▸ **Task to complete**
From the line containing "Magic Chocolate Trick Revealed! 🍫" to the line containing "Kenzo Spring 2026 Men's Fashion Show Details" in the records below, set down every line exactly as it stands, both ends included, and skip the pictures.
**** Source data
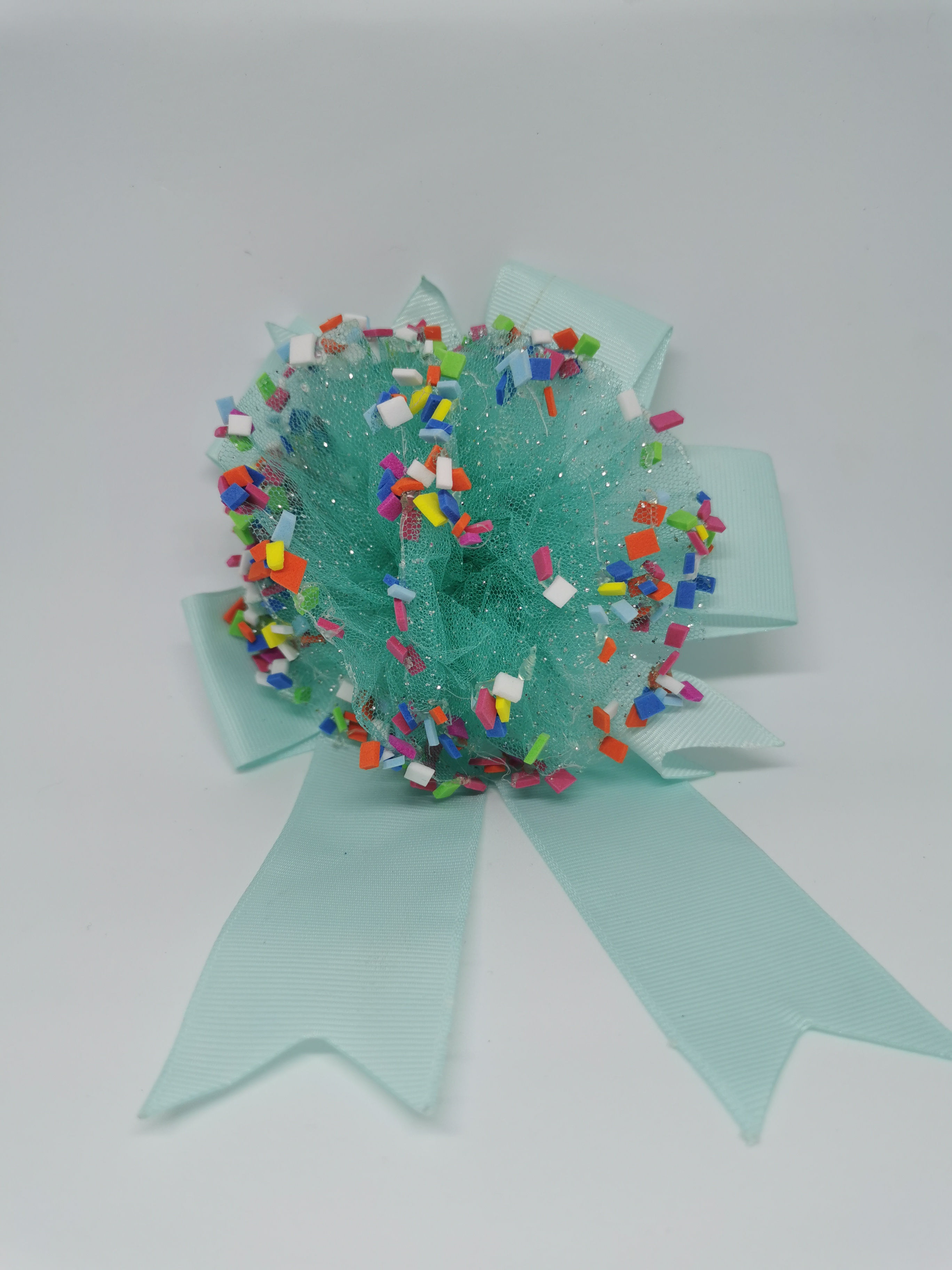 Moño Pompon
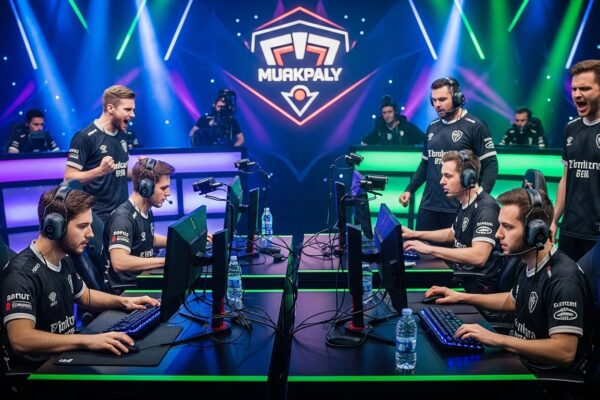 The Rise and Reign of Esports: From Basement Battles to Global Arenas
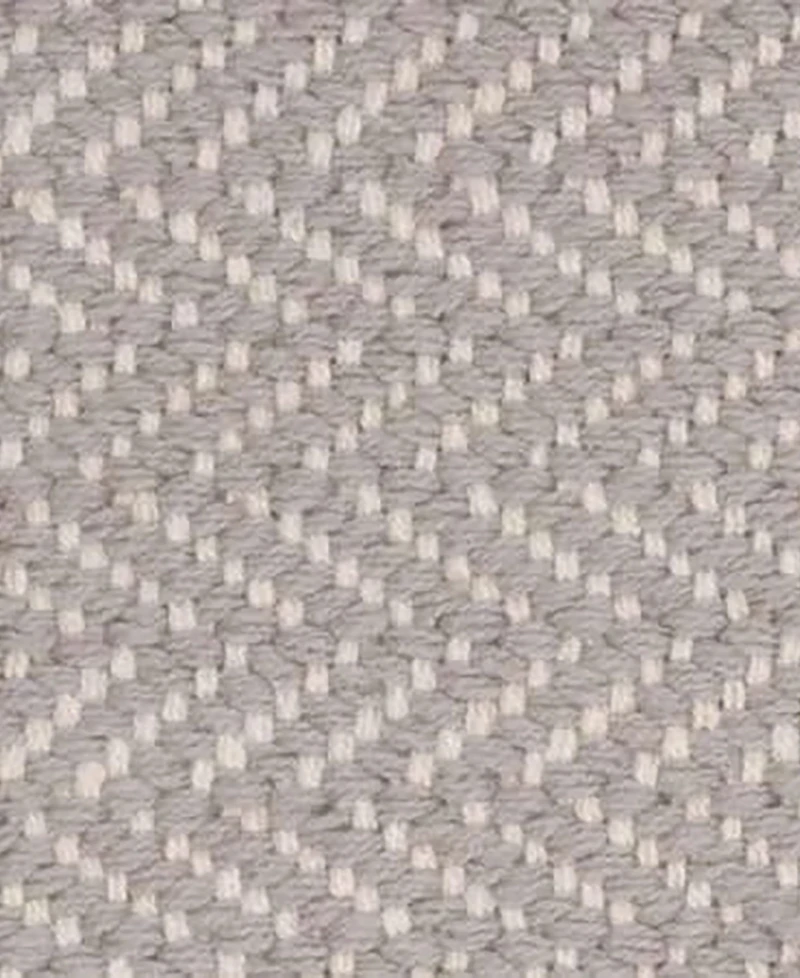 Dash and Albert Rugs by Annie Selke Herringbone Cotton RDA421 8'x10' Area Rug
********
**** Source data
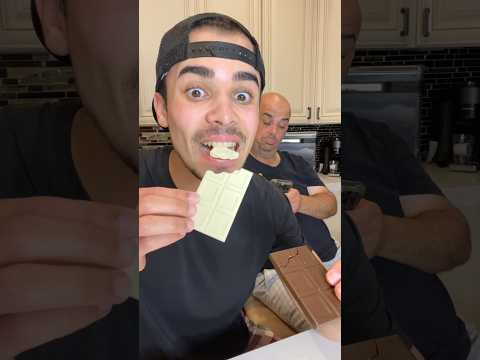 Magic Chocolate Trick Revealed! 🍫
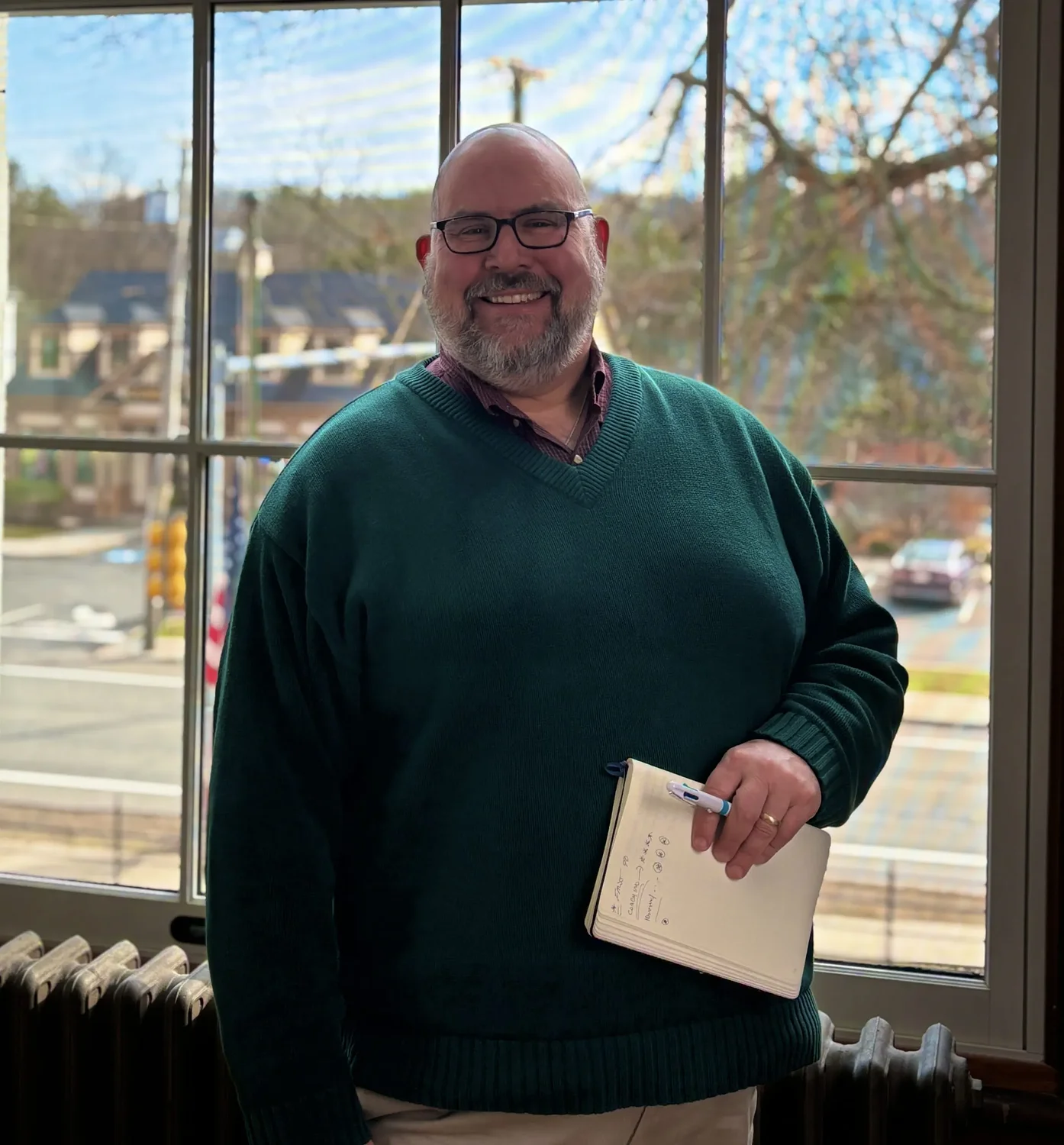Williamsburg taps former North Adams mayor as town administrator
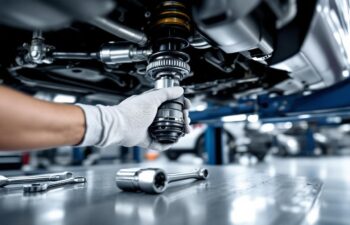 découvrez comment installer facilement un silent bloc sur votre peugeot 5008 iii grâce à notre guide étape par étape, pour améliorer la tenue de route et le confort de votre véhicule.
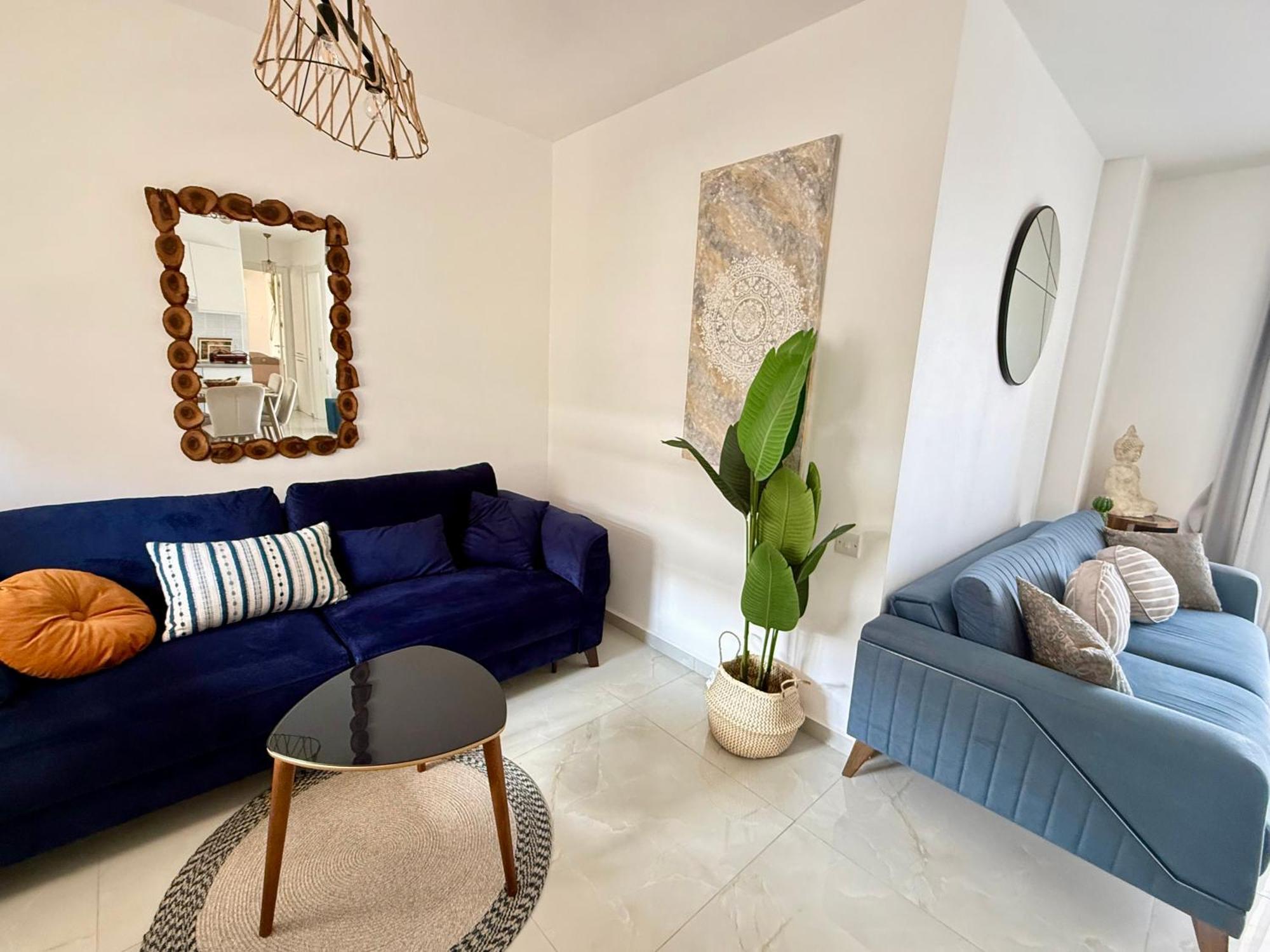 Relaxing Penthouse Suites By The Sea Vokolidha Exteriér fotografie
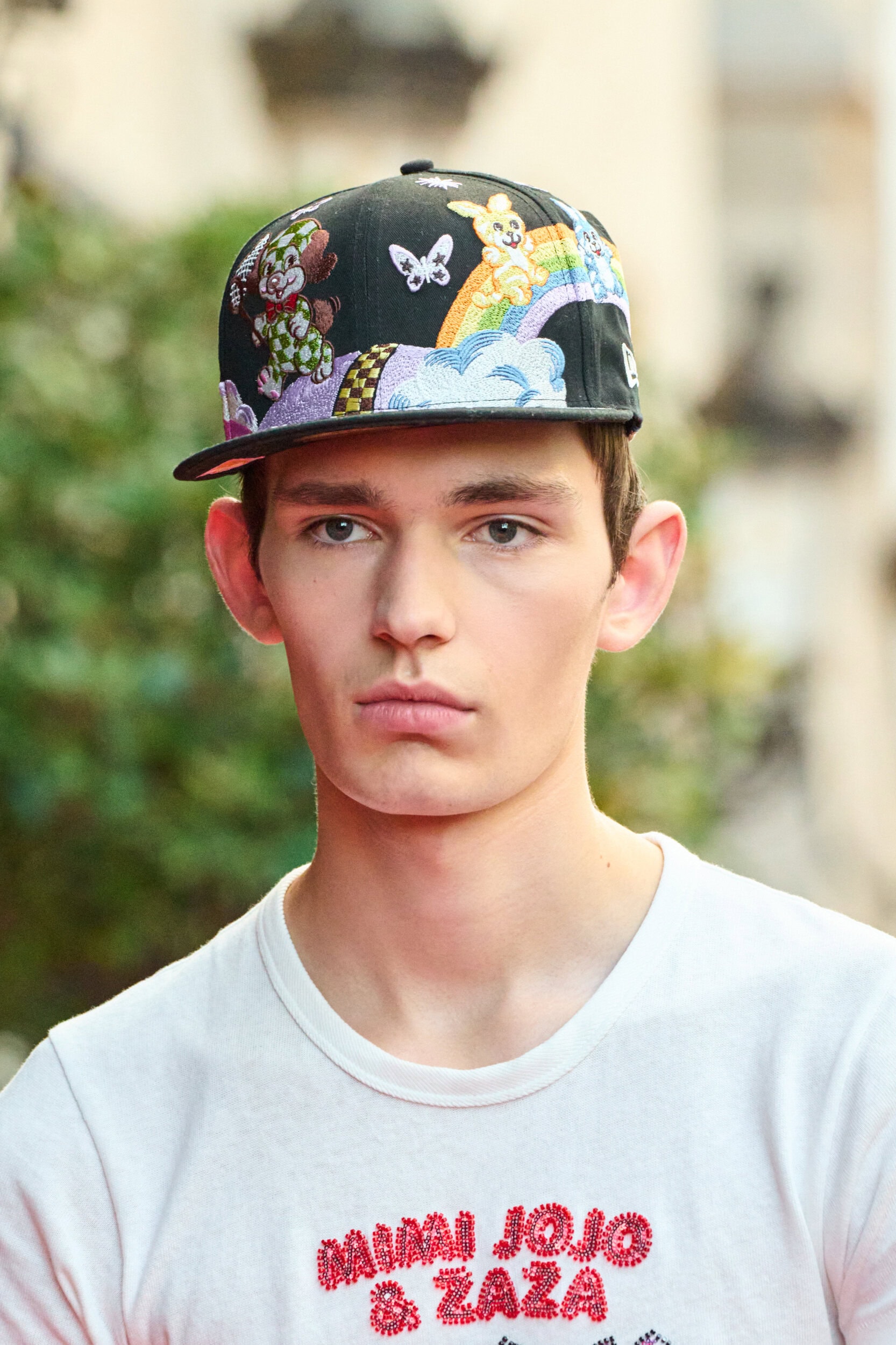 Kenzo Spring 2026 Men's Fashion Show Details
********
**** Source data
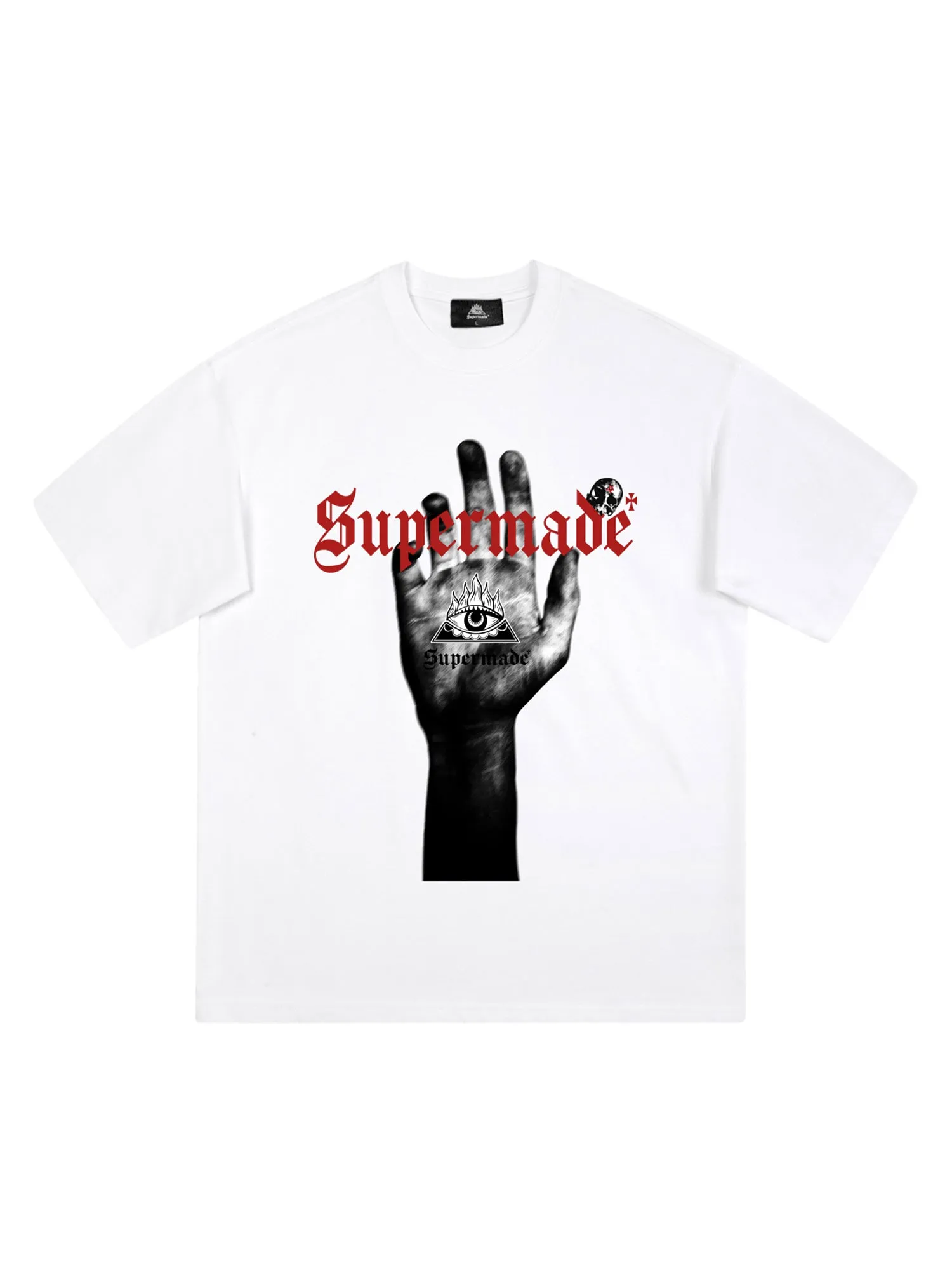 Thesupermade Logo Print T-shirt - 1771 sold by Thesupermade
********
▸ **Your response**
 Magic Chocolate Trick Revealed! 🍫
Williamsburg taps former North Adams mayor as town administrator
 découvrez comment installer facilement un silent bloc sur votre peugeot 5008 iii grâce à notre guide étape par étape, pour améliorer la tenue de route et le confort de votre véhicule.
 Relaxing Penthouse Suites By The Sea Vokolidha Exteriér fotografie
 Kenzo Spring 2026 Men's Fashion Show Details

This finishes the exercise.